■ RECORD EXCERPTS ■
#####
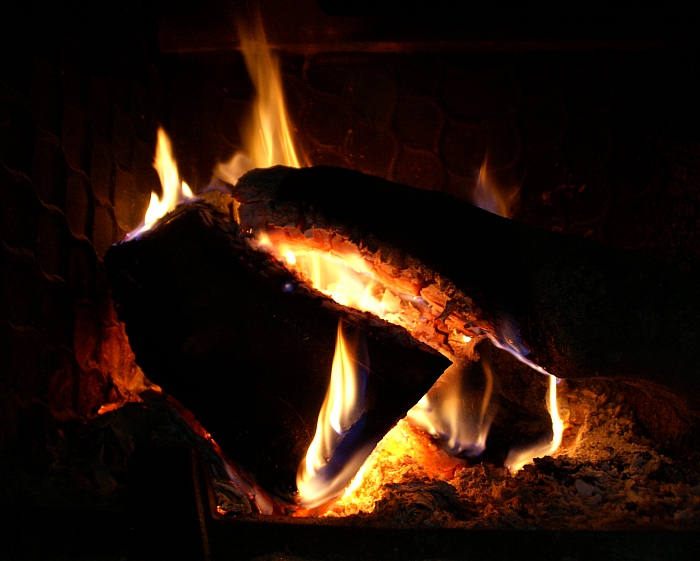 PICT1402 small KALYVES FIREPLACE.jpg - 263576 Bytes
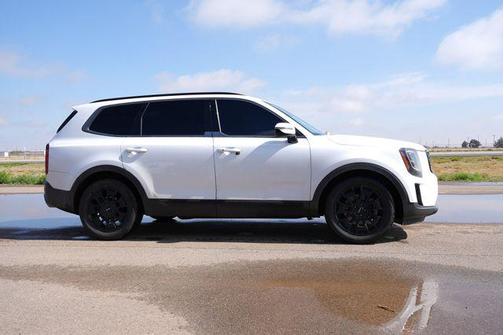 Glacial White Pearl 2022 Kia Telluride SX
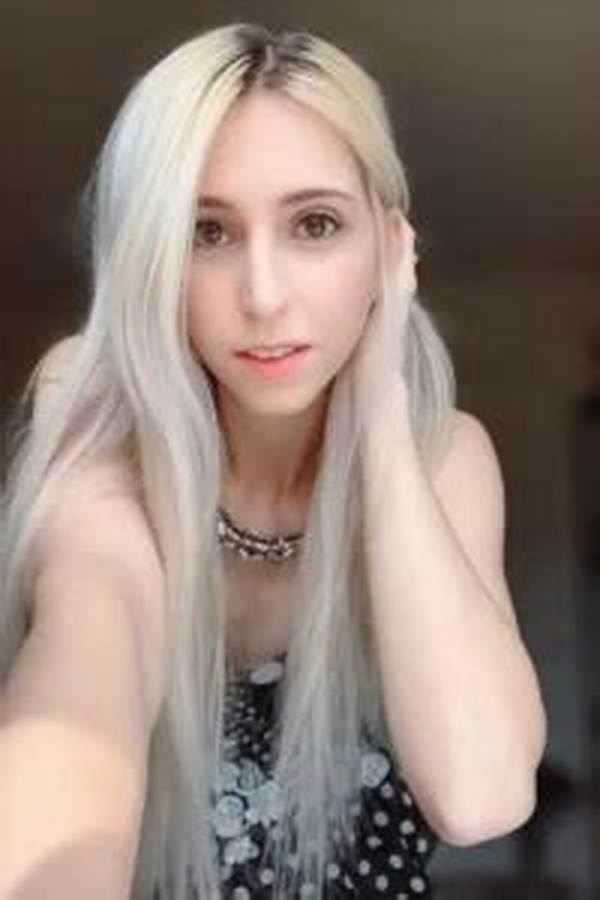 Erika Harlacher - Age, Family, Bio
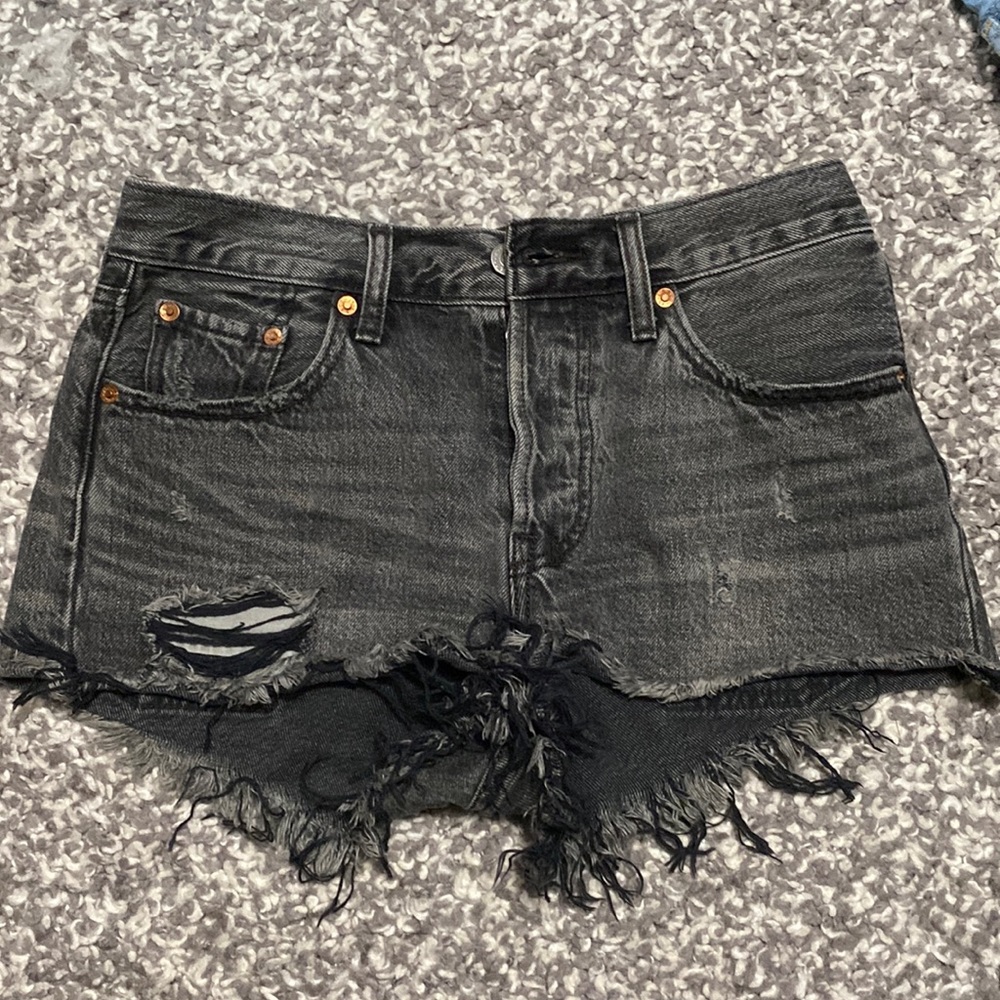 ⭐️501 Levi’s cut offs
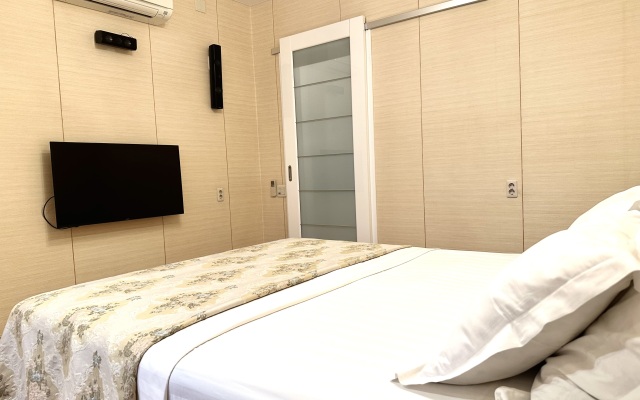 Апартаменты Родионова 199/2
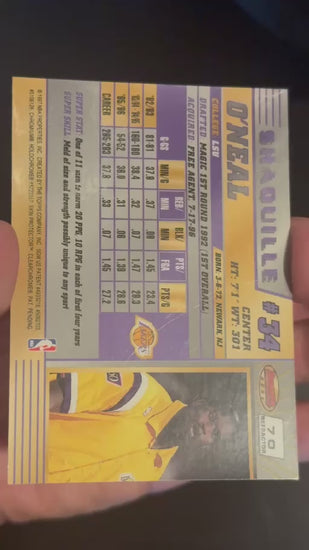 1996 Bowman's Best Shaquille O'Neal Refractor #70 video back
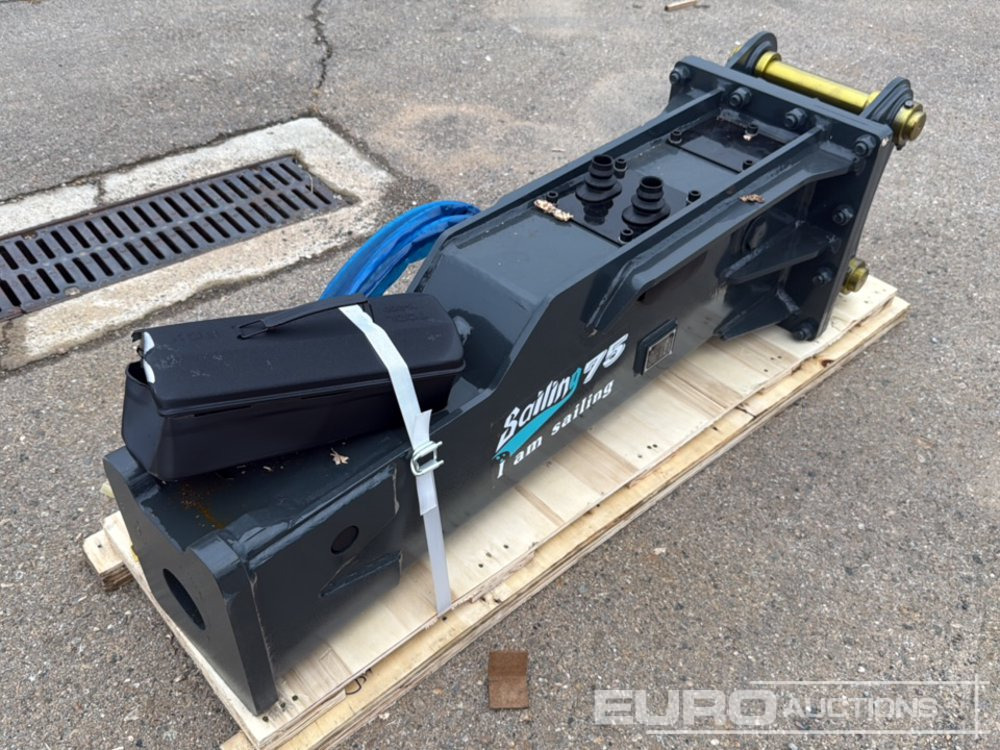 Unused Sailing 75 - Adapterek - Kotrógép: 3 kép. Unused Sailing 75 - Adapterek - Kotrógép: 3 kép.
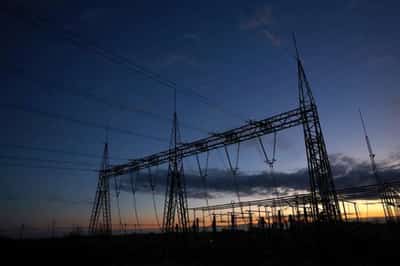 Image for Even in crisis, Germany extends power exports to neighbours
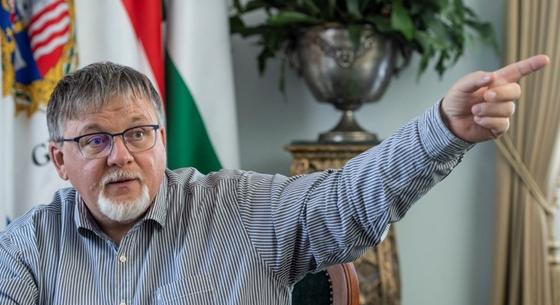Változtatási tilalmat rendelt el Győrre a város fideszes polgármestere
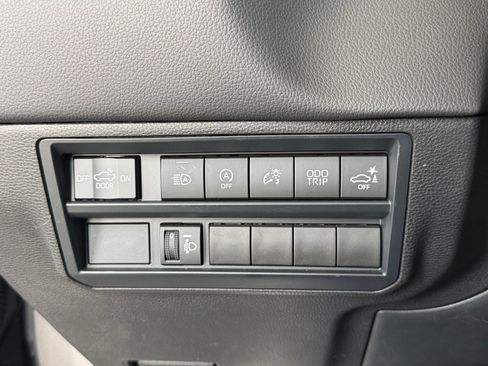 Used 2024 Toyota Tundra Limited AWD/4WD image 18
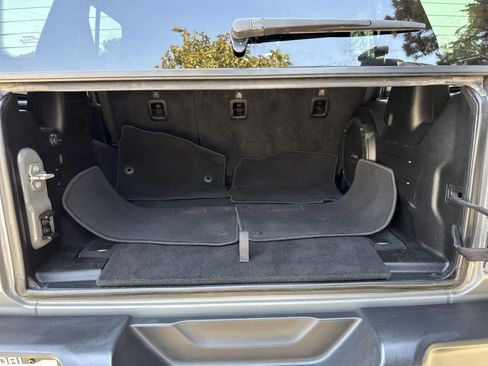 Used 2022 Jeep Wrangler Unlimited Sahara image 26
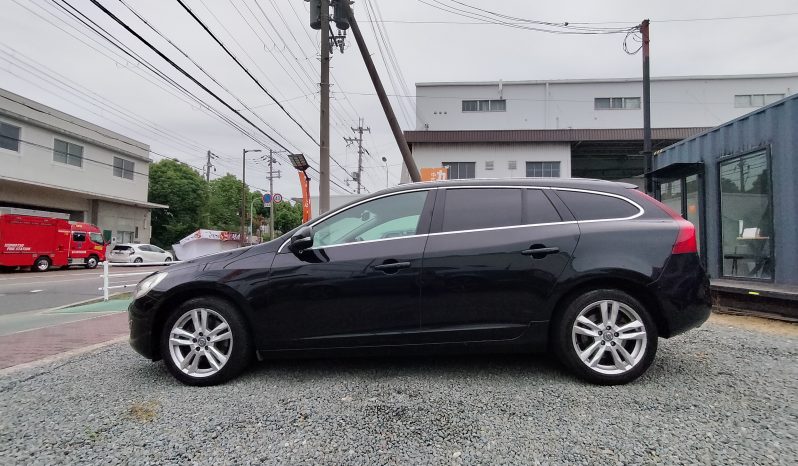 
ボルボV60 T6 AWD 4WD 2013年モデル full									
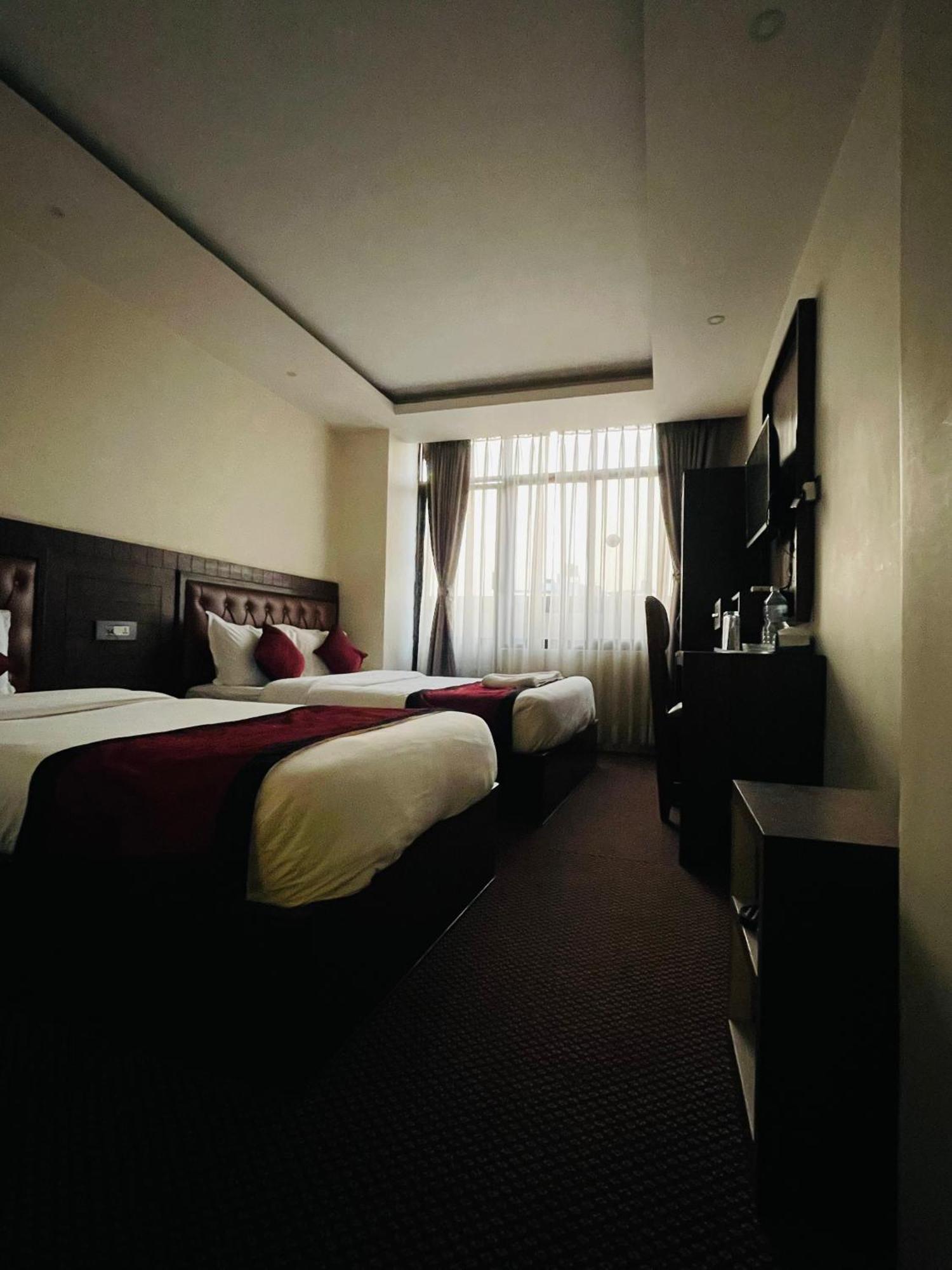 Hotel De Universal Kathmandu Bagian luar foto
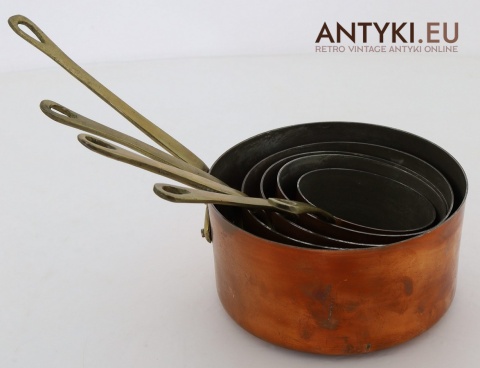 Zabytkowe garnki miedziane z pierwszej połowy XX wieku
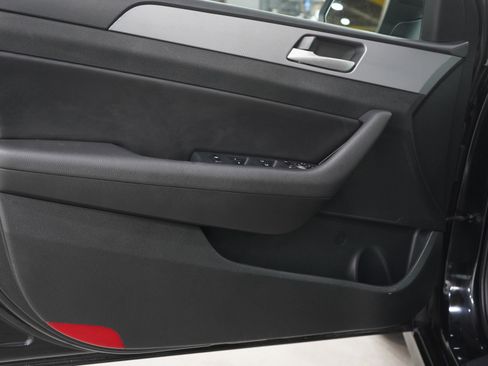 Used 2019 Hyundai Sonata SEL FWD image 17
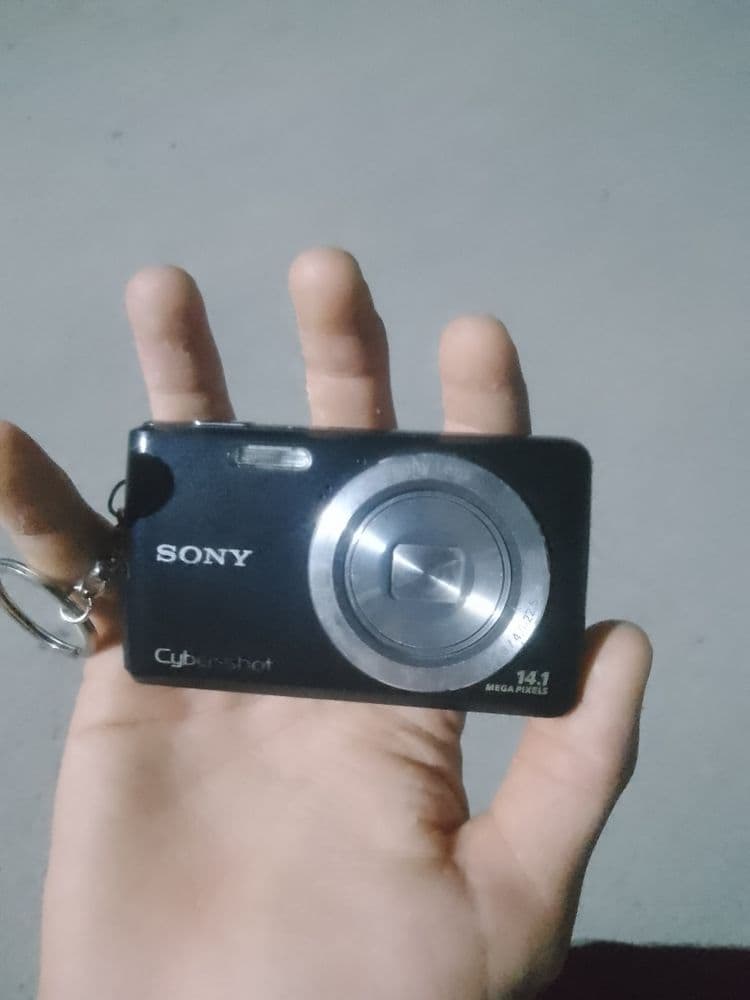 Fotokamera.  SONY CYBERSHOT zudlik bilan sotiladi.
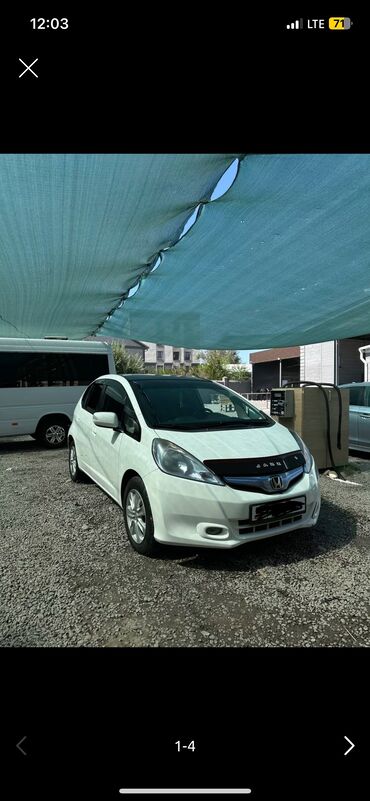 Honda: Honda Jazz: 2011 г., 1.3 л, Вариатор, Гибрид, Хэтчбэк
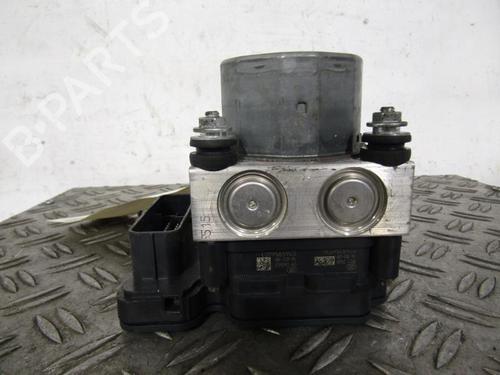 Used ABS pump RENAULT TWINGO III (BCM_, BCA_) 0.9 TCe 90 (BCM9, BCM2) (90 hp) 25080377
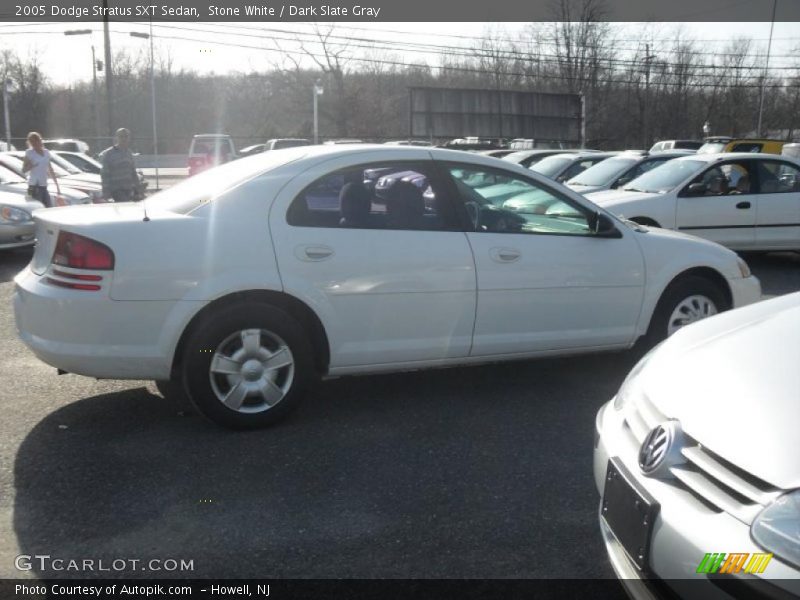 Stone White / Dark Slate Gray 2005 Dodge Stratus SXT Sedan
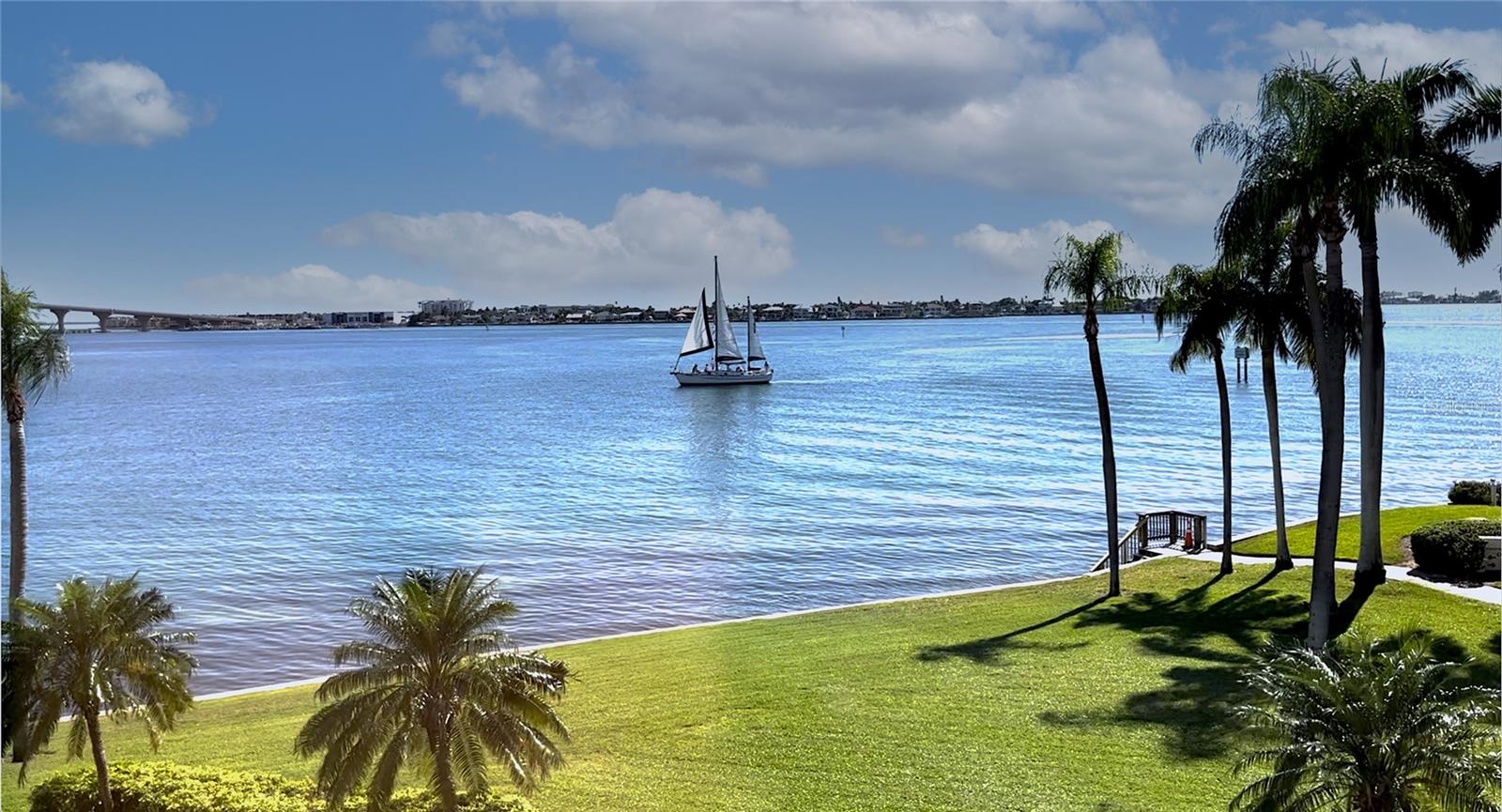 6287 BAHIA DEL MAR CIR #312, ST PETERSBURG, FL — photo 4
#####
■ HOW TO COMPLETE THIS TASK ■
Reproduce the lines from the line with "Апартаменты Родионова 199/2" through the last line of the entries exactly, including both ends and excluding pictures.

■ OUTPUT ■
 Апартаменты Родионова 199/2
 1996 Bowman's Best Shaquille O'Neal Refractor #70 video back
 Unused Sailing 75 - Adapterek - Kotrógép: 3 kép. Unused Sailing 75 - Adapterek - Kotrógép: 3 kép.
 Image for Even in crisis, Germany extends power exports to neighbours
Változtatási tilalmat rendelt el Győrre a város fideszes polgármestere
 Used 2024 Toyota Tundra Limited AWD/4WD image 18
 Used 2022 Jeep Wrangler Unlimited Sahara image 26
ボルボV60 T6 AWD 4WD 2013年モデル full									
 Hotel De Universal Kathmandu Bagian luar foto
 Zabytkowe garnki miedziane z pierwszej połowy XX wieku
 Used 2019 Hyundai Sonata SEL FWD image 17
 Fotokamera.  SONY CYBERSHOT zudlik bilan sotiladi.
 Honda: Honda Jazz: 2011 г., 1.3 л, Вариатор, Гибрид, Хэтчбэк
 Used ABS pump RENAULT TWINGO III (BCM_, BCA_) 0.9 TCe 90 (BCM9, BCM2) (90 hp) 25080377
 Stone White / Dark Slate Gray 2005 Dodge Stratus SXT Sedan
 6287 BAHIA DEL MAR CIR #312, ST PETERSBURG, FL — photo 4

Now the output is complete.